Din eğitiminde yaşadığımız ana sorunlardan birisi de, din-bilim dengesini kuramamaktadır. Din kanalından bize ulaşan verilerin hayatın gerçekleriyle örtüşmesini sağlamak gerekir. Aslında, bilim ve vahiy birbirini nakzetmez (bozmaz), aksine güçlendirir. Çünkü üçünün de yaratıcısı yüce Allah'tır.

Bugünkü yazımızı bir gönül adamının şu sözleriyle bitirelim:

"Yaratıcıyı tanımak için muammaları çözmeye kalkışmaya gerek yoktur. Daha fazla etrafımıza bakmamız yeterlidir. Çünkü fezaya baktığımızda O'nun bulutlar içinde yürüdüğünü, şimşeklerle kollarını uzattığını ve yağmurlarla bize indiğini, çiçeklerle yüzümüze gülümsediğini görürüz."

SORALIM ÖĞRENELİM

Allah'ın doğal felaketlerle insanlara ders vermek istediği doğru mu? Doğru ise günahsız çocukların suçu ne?

Emine DOĞAN/ANKARA

Elbette her olaydan ders çıkarmak, ibret almak lazımdır. Allah, öç almayı bekleyen ve insanların acı çekmesinden zevk alan bir varlık değildir. Merhametlilerin en yücesidir. İyiliklerden yanadır. Dünyada karşılaşılan bazı felaketler, insanoğlunun tedbirsizliğinden ve ihmalkárlığından kaynaklanmaktadır. Bunun dışında Yüce Allah, hikmeti gereği insanları denemek için bazı musibetler verdiğini de Kuran'da ifade etmektedir. İnsan sabır, teslimiyet ve itaatla bu musibetleri lehine çevirebilir. Şüphesiz, her şerde bir hayır vardır.

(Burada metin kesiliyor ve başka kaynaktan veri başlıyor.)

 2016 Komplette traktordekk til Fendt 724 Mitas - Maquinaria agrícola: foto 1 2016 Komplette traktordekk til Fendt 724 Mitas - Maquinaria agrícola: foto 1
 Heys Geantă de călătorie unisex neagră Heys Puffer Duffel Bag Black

Hoşumuza gitmeyecek olaylarda da bilmediğimiz iyi sonuçların var olabileceğini düşünmeliyiz. Tedbiri de hiçbir zaman elden bırakmamalıyız. Ádetullah böyle cereyan etmektedir.

Bir Hıristiyan kadınla evlendim. Türkiye'de resmi nikáh yaptırdık. Belçika'da da kilisede bir tören düzenlenecek; benim bir eş olarak bu törene katılmamda dini yönden bir sakınca var mı?

H.K./BELÇİKA

Eşiniz Hıristiyan olduğuna göre onun inançlarına karşı hoşgörülü olmanız gerekir. Bu nedenle kilisede yapılacak olan törene katılmanızda bir mahzur yoktur.

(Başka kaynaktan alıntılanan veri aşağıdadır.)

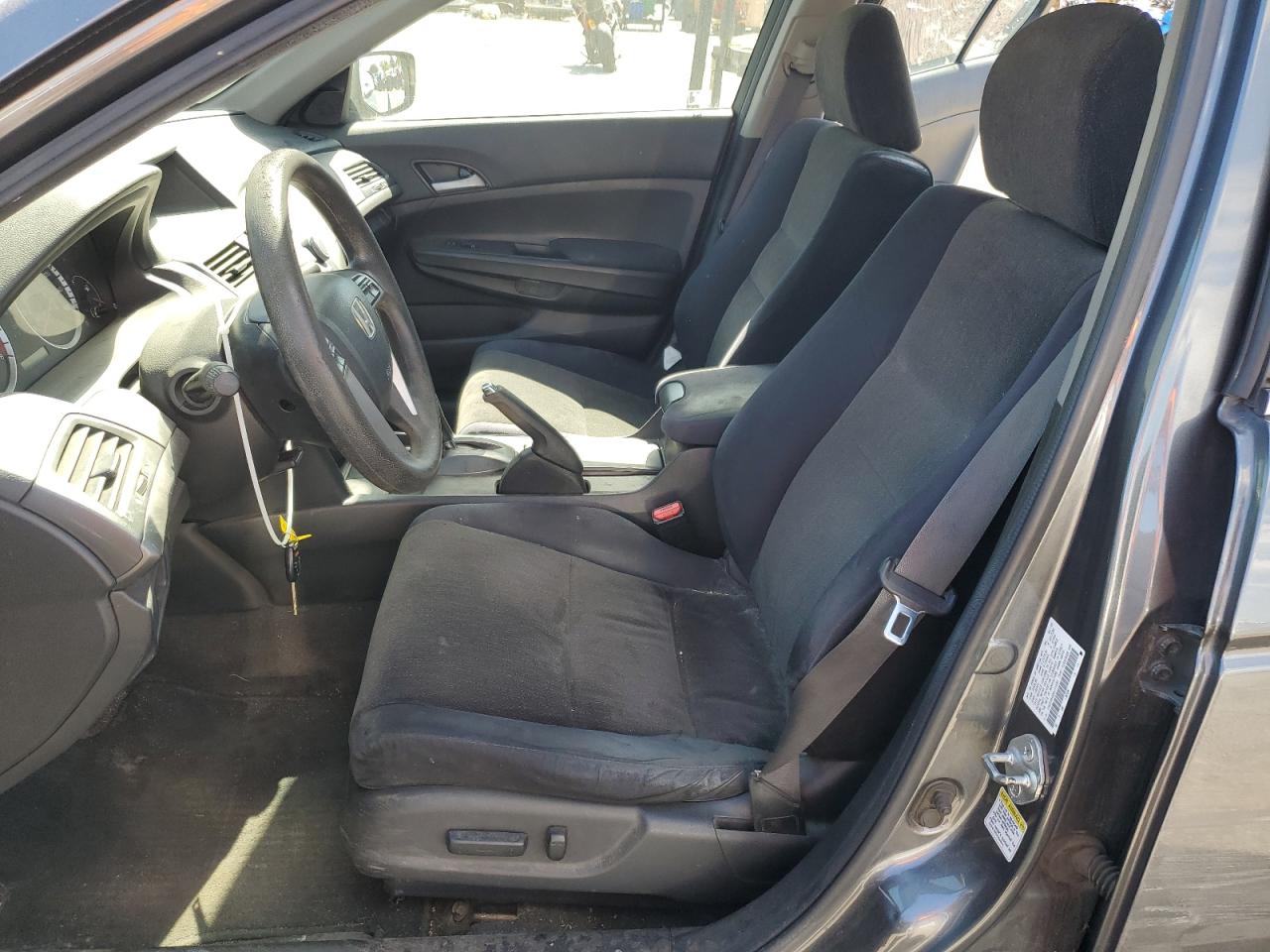 2009 Honda Accord - Image 7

İdrarımı tutamıyorum. İdrar elbiseme de bulaşıyor. Her zaman temizlemek de mümkün olmuyor. Namaz kılmamda abdest yönünden bir kolaylık var mı?

N.R./İSTANBUL

Abdest alıp bir vakit namaz kılacak kadar bir süre ara vermeden akıntı devam ediyorsa özür sahibi sayılırsınız. Her namaz vakti için abdest almanız gerekir. Alacağınız bu abdestle ikinci bir namaz vakti girinceye kadar farz, nafile, cenaze namazlarını kılabilirsiniz. Ancak, vakit çıktıktan sonra yeniden abdest almanız gerekir. Akıntı her an devam ediyorsa çamaşırınızı yıkamanız gerekmez.

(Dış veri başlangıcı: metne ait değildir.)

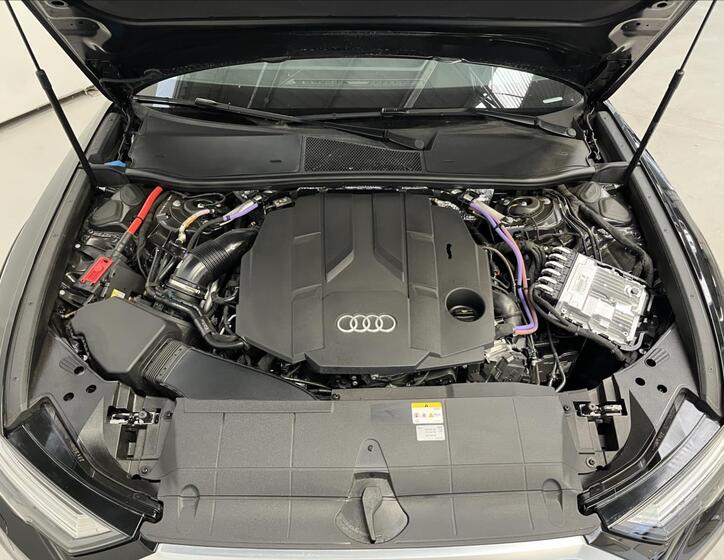 Audi A6 Allroad 35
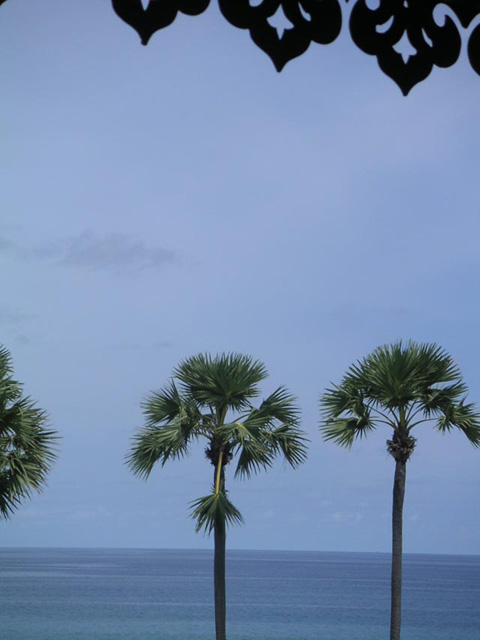 Phuket, Patong Beach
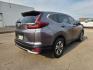 2020 GRAY /Black Honda CR-V (2HKRW1H27LH) with an 15L I-4 gasoline direct injection engine, Automatic transmission, located at 1175 N Woodruff Ave, Idaho Falls, ID, 83401, 43.506901, -111.999657 - At Timberline Auto, finding a great deal on your next vehicle is always easy! Our experienced sales staff's goal is to help find you the right vehicle at the right price! Our knowledgeable finance department has options for almost any credit score. We offer extended service contract options to prote - Photo#31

Dileğimin Allah katında kabul olması için ne yapmalıyım?

Şerife ÖZCAN

Dileğinizin Allah katında kabul görmesi için ihlasla dua etmeniz gerekir. Çünkü Allah içtenlikle yapılan duaları kabul eder.

Bir ayette "Sur'a üflendi" deniliyor. Halbuki bizim bildiğimiz, İsrafil'in Sur'a birinci üflemesinde kıyamet kopacak, ikinci üflemesinde dirilecektir. Halbuki Sur'a henüz üflenmedi, dünya hayatı devam ediyor. Siz ne diyorsunuz?

Atilla OLGUN-İZMİR

Sur'a üfleneceği kesin olduğundan, geçmiş sigasıyla "üflendi" tabiri kullanılmıştır. Bu bir belagat kuralıdır. Kuran üslubunda gelecekte meydana gelmesi kesin olan hadiseler için bu ifadeler -sanki olup bitmişçesine- kullanılmıştır.